Designed to establish and maintain air superiority or air dominance, fighter aircraft have evolved from relatively simple wood and canvas air frames during the First World War, to the highly manoeuvrable, long-range aircraft that dominated the skies of Europe and the Pacific during the Second World War; the latest two generations of fighters are the pinnacle of these earlier designs.


Fighter aircraft, like every facet of military technology, are rapidly evolving. The current global and regional transition from fourth to fifth-generation fighter aircraft, like the F-22 Raptor and F-35 Joint Strike Fighter platforms, is reshaping the role of fighter fleets and the balance of power in the Indo-Pacific region.

Designed to be the world's premier air superiority platform – and increasingly developed as a result of air-to-surface penetrating strike operations in heavily defended integrated air and missile defence networks in the Middle East – the Lockheed Martin F-22 Raptor represents the pinnacle of air combat system evolution and technological development.

Fifth-generation fighter aircraft represent the pinnacle of modern fighter technology. Incorporating all-aspect stealth even when armed, low-probability-of-intercept radar, high-performance air frames, advanced avionics and highly integrated computer systems, these aircraft provide unrivalled air dominance, situational awareness, networking, interdiction and strike capabilities for commanders.
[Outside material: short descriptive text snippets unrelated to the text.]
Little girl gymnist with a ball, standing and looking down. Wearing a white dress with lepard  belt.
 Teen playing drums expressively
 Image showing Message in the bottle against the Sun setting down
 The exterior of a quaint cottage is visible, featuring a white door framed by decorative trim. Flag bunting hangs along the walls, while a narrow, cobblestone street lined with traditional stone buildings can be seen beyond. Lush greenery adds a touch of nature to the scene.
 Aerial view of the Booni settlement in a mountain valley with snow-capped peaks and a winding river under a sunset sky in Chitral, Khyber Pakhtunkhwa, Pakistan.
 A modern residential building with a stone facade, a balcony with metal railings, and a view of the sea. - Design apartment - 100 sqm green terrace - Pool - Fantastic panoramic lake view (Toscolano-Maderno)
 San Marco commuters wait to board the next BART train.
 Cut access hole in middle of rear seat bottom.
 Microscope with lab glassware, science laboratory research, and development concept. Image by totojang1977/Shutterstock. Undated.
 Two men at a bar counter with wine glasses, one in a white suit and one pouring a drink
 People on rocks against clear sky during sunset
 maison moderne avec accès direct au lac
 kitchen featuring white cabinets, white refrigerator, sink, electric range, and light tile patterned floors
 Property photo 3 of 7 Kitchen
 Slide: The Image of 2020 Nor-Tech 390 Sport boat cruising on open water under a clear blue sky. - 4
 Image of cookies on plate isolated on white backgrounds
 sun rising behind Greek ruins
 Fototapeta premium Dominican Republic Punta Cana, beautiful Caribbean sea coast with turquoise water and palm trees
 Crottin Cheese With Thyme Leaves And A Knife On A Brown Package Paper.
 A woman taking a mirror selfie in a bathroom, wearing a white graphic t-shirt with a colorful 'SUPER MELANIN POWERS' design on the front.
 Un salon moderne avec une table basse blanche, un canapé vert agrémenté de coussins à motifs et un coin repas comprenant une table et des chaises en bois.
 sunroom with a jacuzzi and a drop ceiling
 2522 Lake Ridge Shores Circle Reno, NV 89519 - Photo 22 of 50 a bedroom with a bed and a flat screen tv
The Raptor Ban - driving unit cost and hindering allied operations

The world's first fifth-generation aircraft, the Lockheed Martin F-22 Raptor was first introduced in the mid-2000s and designed to replace the US Air Force's fleet of ageing F-15C/D Eagles – incorporating full spectrum, low-observable stealth characteristics, super cruise, and super manoeuvrability in an air frame designed to fight, win and maintain US and allied air superiority against even the most advanced enemy integrated air-and-missile defence systems and air combat capabilities.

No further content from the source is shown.